Mas enquanto esse futuro não se impõe, seguimos lidando com um presente em que boa parte das pessoas confunde autoria com suspeição. Travessão, palavras compostas, citações em itálico — tudo parece gatilho para paranoia. O que se pede de um texto, no entanto, é o mesmo que sempre se pediu: que diga algo que valha a pena ser lido. Se for assinado por um humano ou por uma colaboração entre máquina e humano, isso será apenas nota de rodapé. Até porque não é possível escrever um texto sem o uso de uma esferográfica. Ou mesmo pena de pato.

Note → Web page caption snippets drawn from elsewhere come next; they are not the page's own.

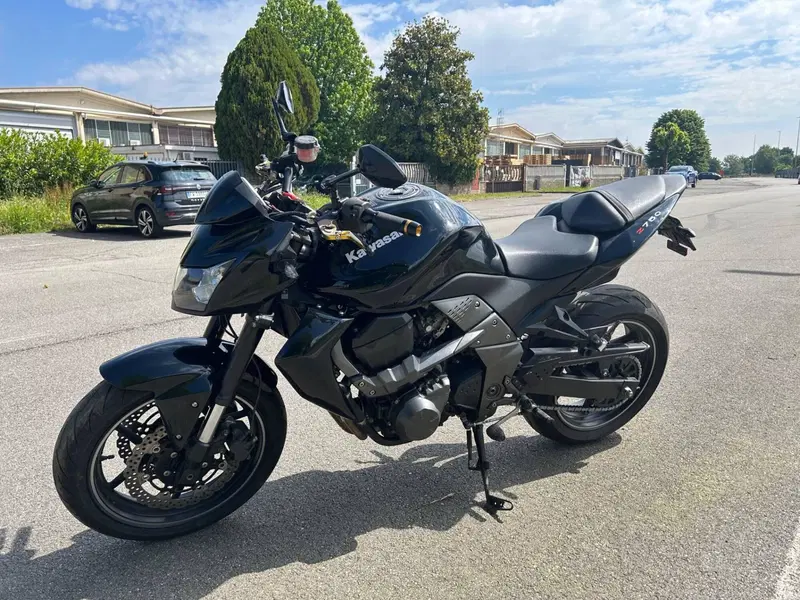 Kawasaki Z 750 (2007 - 14) (3)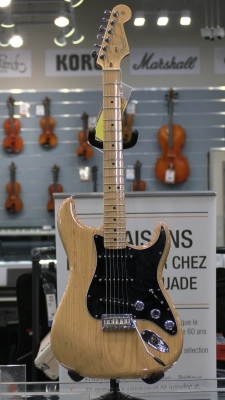 Fender - AM PRO STRAT MN NAT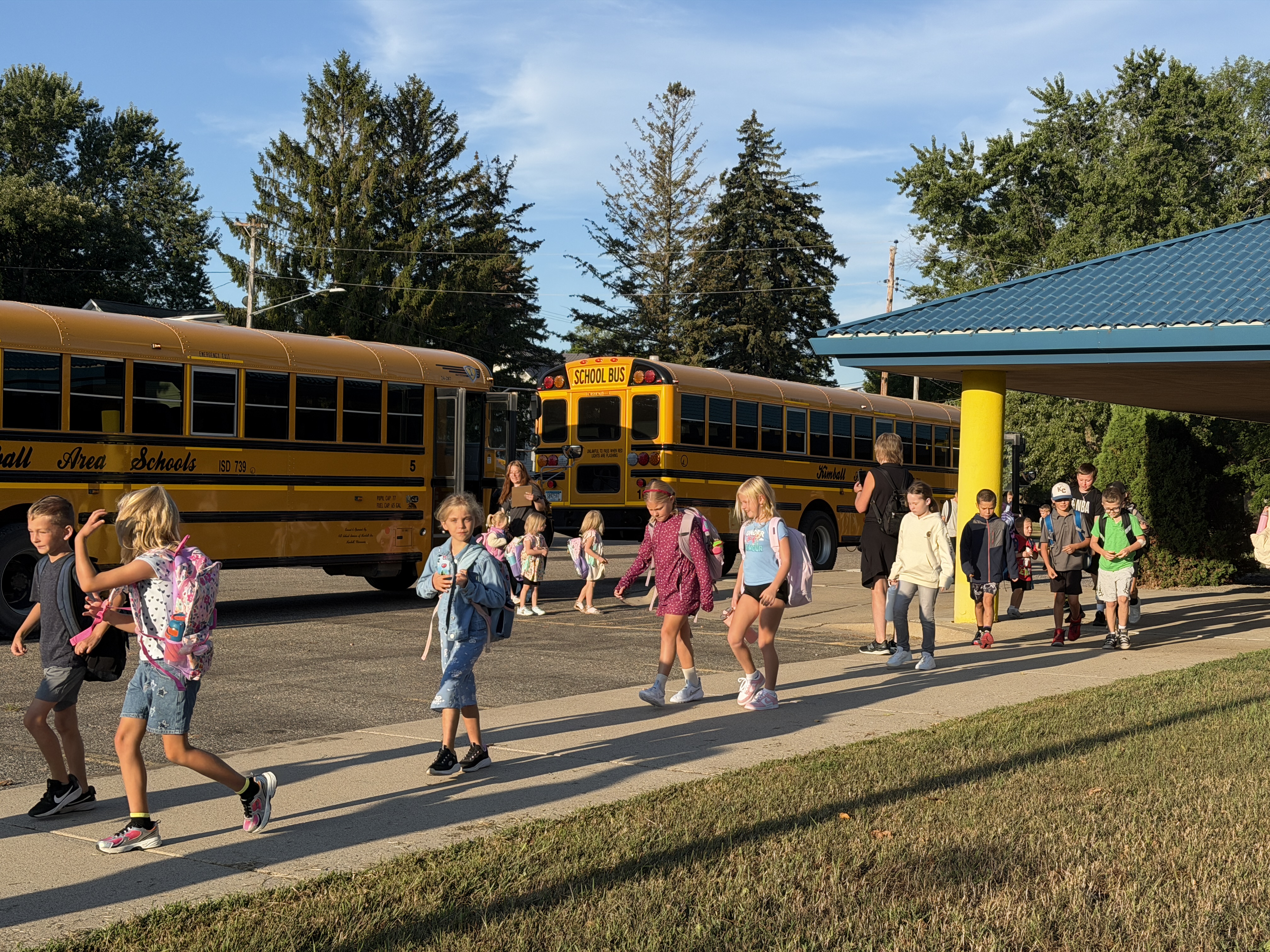 students getting off of buses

O verdadeiro desafio está em entender o que o uso da IA revela sobre nós. Ao projetar sobre o robô as nossas expectativas, também denunciamos nossas falhas de leitura, nossas limitações de repertório e nossa insegurança diante de uma linguagem que se sofisticou mais rápido do que a nossa formação foi capaz de acompanhar.
Quem teme a inteligência artificial, na verdade, teme a própria ignorância.